4ft wouldn't be big enough for very long I wouldn't think. Maybe a nice snake, pygmy monitor, blue tongues?


----------



## Riley (Sep 5, 2007)

sorry to hear bout that. maybe central beardies?
got any pics of the enlcosure?


----------



## mines bigger (Sep 5, 2007)

i would put some more fish in it, maybe loaches or pleco's


----------



## RevDaniel (Sep 5, 2007)

how about some turtles?


----------



## alex_c (Sep 5, 2007)

Horsy said:


> 4ft wouldn't be big enough for very long I wouldn't think. Maybe a nice snake, pygmy monitor, blue tongues?

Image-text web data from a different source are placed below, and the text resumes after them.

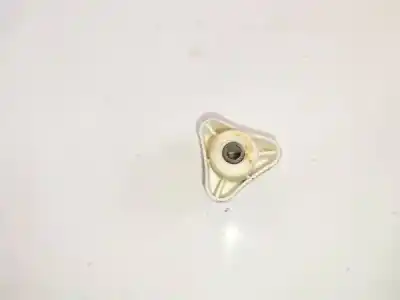 Tweedehands auto-onderdeel plasticen voor bmw 3 (e30) m3 2.3 oem iam-referenties 24424603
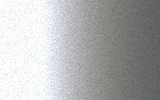 ASTON MARTIN Silver Ice AST5045D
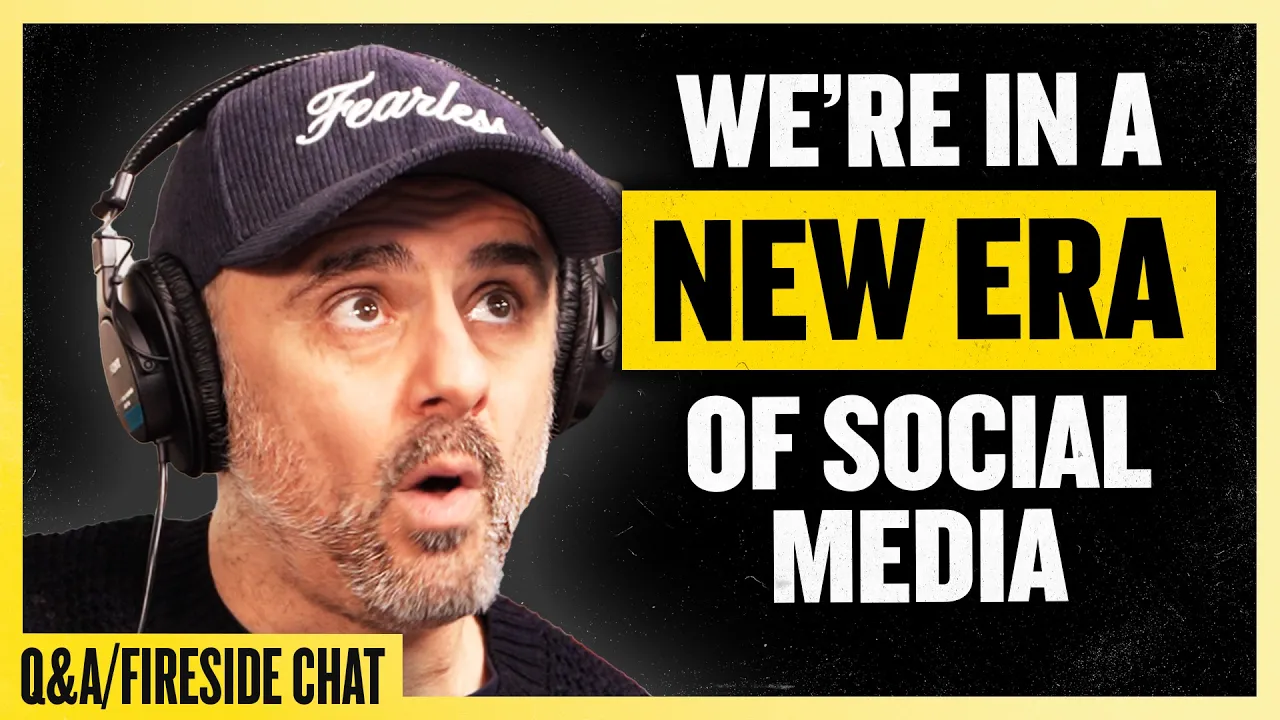 How To Increase Your Views & WIN In The New Social Media Landscape | LinkedIn Premium Livestream Q&A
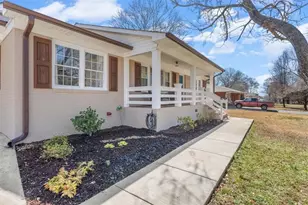 240 John Phillips Rd, Cedartown, GA 30125 - Photo 4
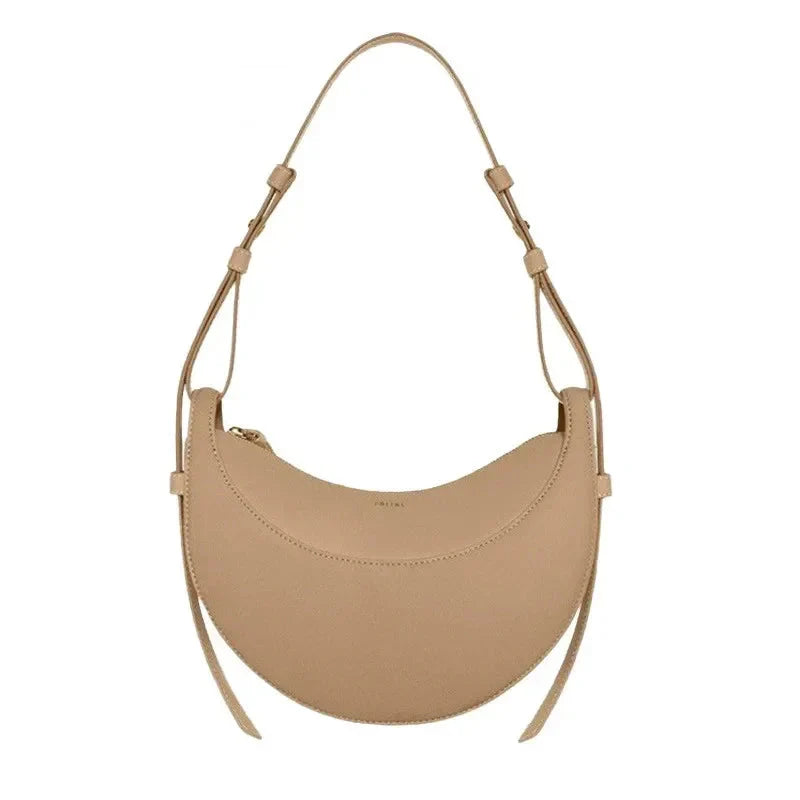 Luxe Pearl Bag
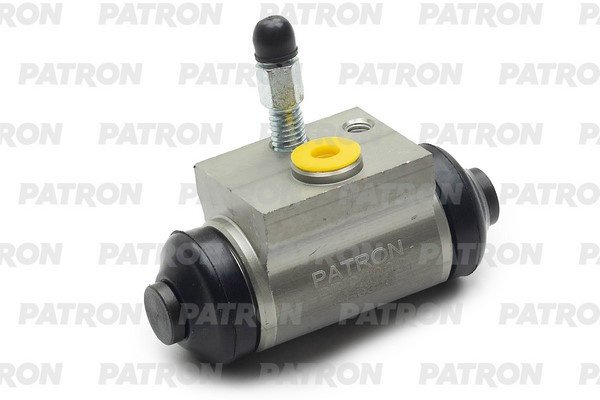 PATRON рабочий тормозной цилиндр PBC4033 купить,8059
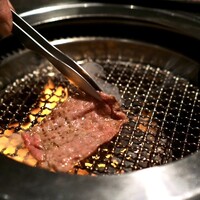 西中州焼肉 きらく - 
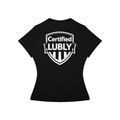 Women’s Slim Fit Performance T-Shirt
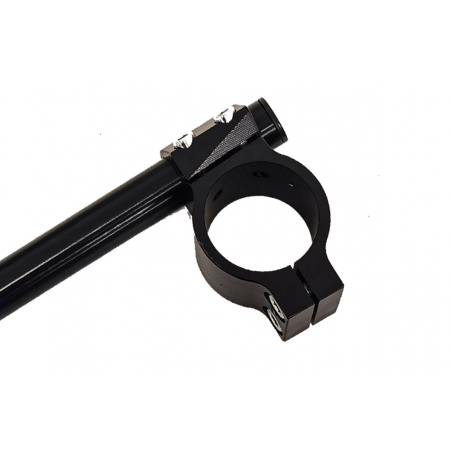 Pair of bracelet handlebars YAMAHA R3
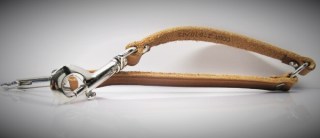 Koppel Leder  (21610)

 yeah maybe i already have a lacey,a bredli,and beardies. and im not that keen on another fish the mangrove jack was great he wasnt fussy water chemistry never seemed to bother him but unfortunately i think he has possibly eaten a rock or something bad has been in the new gravel i put in on the weekend and poisoned him. but its too late now


----------



## alex_c (Sep 5, 2007)

RevDaniel said:


> how about some turtles?


 nah not really my thing lol


----------



## mines bigger (Sep 5, 2007)

just a suggestion with the fish(if you still want some) spangled perch are some of the hardiest fish i have ever come across and they eat anything just like a mangrove jack, they get big and they look awesome what more can you ask for??


----------



## Rocket (Sep 5, 2007)

alex- Sorry to hear about your fish. I have spoken to one Croc keeper (leighr33 on this site) who I think is raising a Freshy in a 4footer.....?


----------



## jay76 (Sep 5, 2007)

put a saritoga in the tank


----------



## alex_c (Sep 5, 2007)

mines bigger said:


> just a suggestion with the fish(if you still want some) spangled perch are some of the hardiest fish i have ever come across and they eat anything just like a mangrove jack, they get big and they look awesome what more can you ask for??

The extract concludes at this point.